Much like the mythical three-headed dog that guards the gates of the Underworld, CERberus ("ser-ber-us") serves as your loyal watchdog for the inspection of mistakes made by any kind of Handwritten Text Recognition tool, such as Transkribus, or eScriptorium.
This module (that you can conveniently run in your web browser) provides an implementation of Character Error Rate (CER) calculation between a reference string and a hypothesis string, with various customization options available for pre-processing the strings and detailed reporting of results. It allows you to set specific options such as ignoring case, punctuation, whitespaces, numbers, newlines and returns, and other specific characters.
To clone and run this application, you'll need Git, Python, and Anaconda (or Miniconda) installed on your computer. You will also need to install some Python packages to run this application. From your command line, run:
# Clone this repository
git clone https://github.com/WHaverals/CERberus.git
# Go into the repository
cd CERberus
# Create a dedicated Conda environment
conda create --name cerberus python=3.9.15
# Activate the Conda environment
conda activate cerberus
# Install dependencies
pip install -r requirements.txt
After this, you can run the application using the following command:
python app.py
Remember to make sure your CERberus
Conda environment is activated when you run this app. If it's not, you can activate it with conda activate CERberus
.
Navigate to http://127.0.0.1:5000 (or, possibly, another address that is printed to your console) to view the application in your web browser.
-
Reference Text: This is the correct, or "gold standard" text. You can paste the reference text directly into the form, or drop a
.txt
file into the provided area. -
Hypothesis Text: This is the text that you want to compare to the reference text. Like the reference text, you can paste the hypothesis text directly into the form, or drop a
.txt
file into the provided area. -
Options and Ignore Characters: CERberus provides several options to tailor the comparison to your specific needs, including the ability to ignore:
- Punctuation: All punctuation marks are removed from both texts.
- Case: Case differences between the two texts are ignored by converting both texts to lowercase.
- Whitespace: All whitespace characters (spaces, tabs, line breaks) are removed from both texts.
- Numbers: All numeric characters (
0-9
) are removed from both texts. - Newlines: Newline (
\n
) and carriage return (\r
) characters are removed from both texts.
In addition to these options, you can specify characters to ignore, characters to discard lines, and replacement characters.
-
CER for Unicode Ranges and/or Custom Ranges: CERberus allows you to calculate CER for specific Unicode ranges such as Lowercase Latin alphabet, Uppercase Latin alphabet, Digits, Punctuation, MUFI Glyphs. You can also define custom ranges for CER calculation. A useful website in this case is Unicode Lookup, a search engine dedicated to Unicode characters. You can search by hexadecimal, decimal, or octal code point, as well as by character name or category.

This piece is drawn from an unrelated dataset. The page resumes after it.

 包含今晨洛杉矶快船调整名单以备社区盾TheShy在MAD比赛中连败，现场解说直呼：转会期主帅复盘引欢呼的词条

CERberus displays the results of its analysis in a variety of ways to provide detailed insight into the character error rate and related metrics. Here is an overview of the different sections available on the results page.
-
Character Error Rate (CER): The main result, which measures the total number of character errors (insertions, deletions, and substitutions) divided by the total number of characters in the reference.
-
Number of Correct Characters: The total number of characters that have been correctly predicted by the model.
-
Number of Substitutions: The total number of characters that should be substituted in the hypothesis to match the reference string.
-
Number of Insertions: The total number of characters that should be inserted into the hypothesis to match the reference string.
-
Number of Deletions: The total number of characters that should be deleted from the hypothesis to match the reference string.
-
Total Character Count: The total number of characters in the reference text.
-
Original Lines Count: The number of lines in the original document.
-
Discarded Lines Count: The number of lines discarded during the analysis.

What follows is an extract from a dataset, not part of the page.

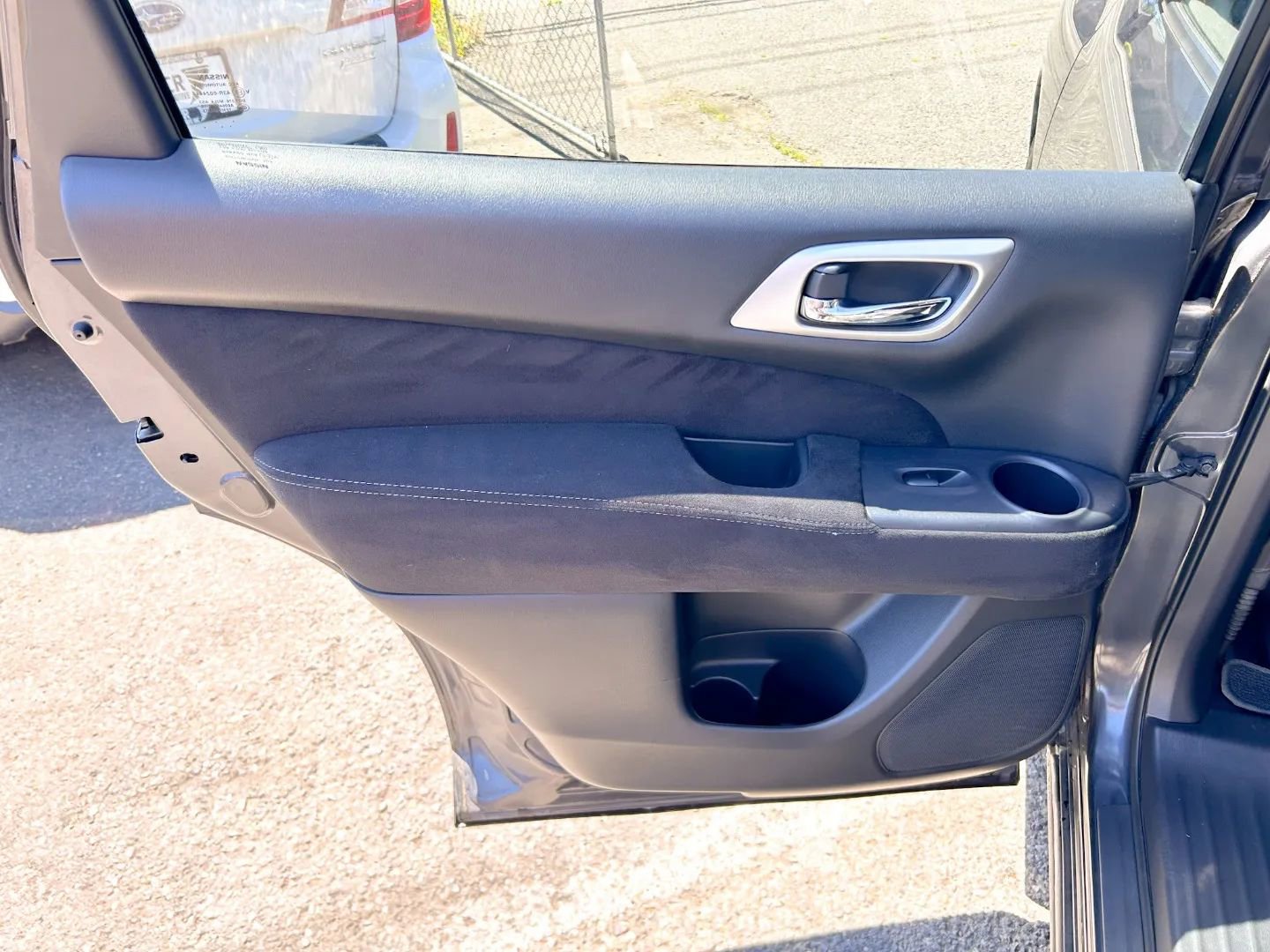 Used 2014 Nissan Pathfinder S image 15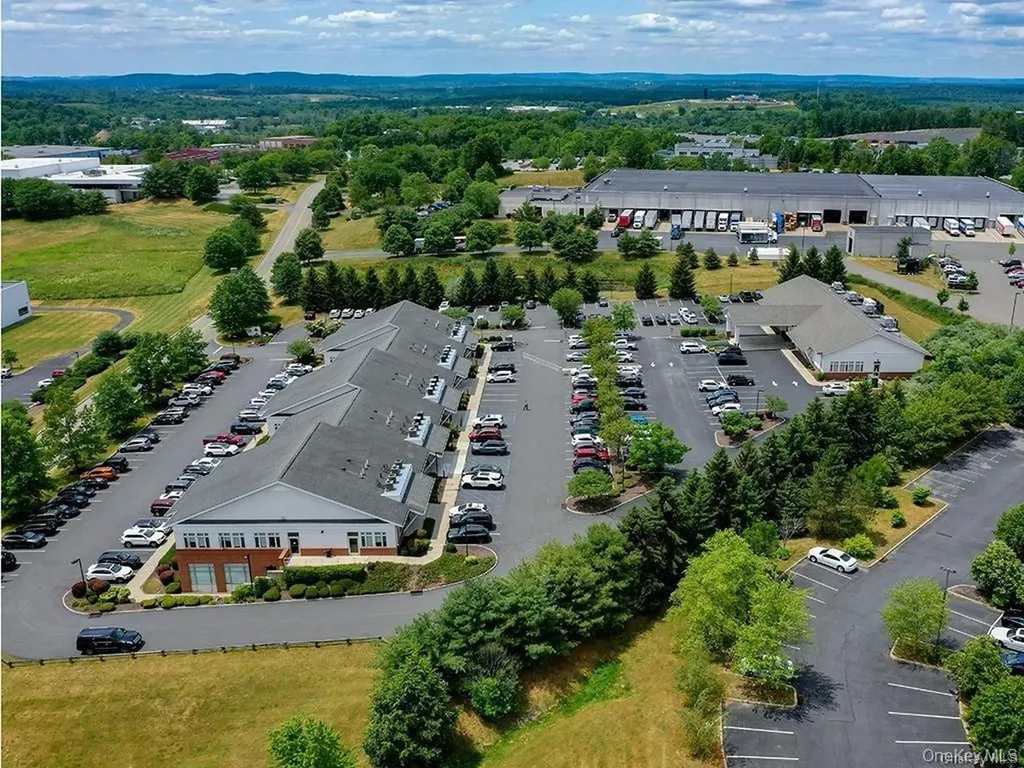 30 Hatfield Lane Goshen NY 10924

The Character Statistics table provides a detailed analysis of each character in the evaluation text. It gives an understanding of how accurately the model is predicting each character. Here's an example of what the table looks like:
- Character: The individual character evaluated from the text.
- Count: The total number of occurrences of this character in the reference text.
- Correct: The number of times the model correctly predicted this character.
- Incorrect: The number of times the model incorrectly predicted this character.
- Correct Ratio: The proportion of correct predictions out of total occurrences (
Correct / Count
). - Incorrect Ratio: The proportion of incorrect predictions out of total occurrences (
Incorrect / Count
).
The Block Statistics section provides detailed performance metrics for each Unicode block encountered in the evaluation text. It helps to understand how well the model is predicting characters within each Unicode block. Here's an example of what the table might look like:
- Block: The Unicode block of the characters.
- Count: The total number of occurrences of characters from this block in the reference text.
- Correct: The number of times characters from this block were correctly predicted by the model.
- Incorrect: The number of times characters from this block were incorrectly predicted by the model.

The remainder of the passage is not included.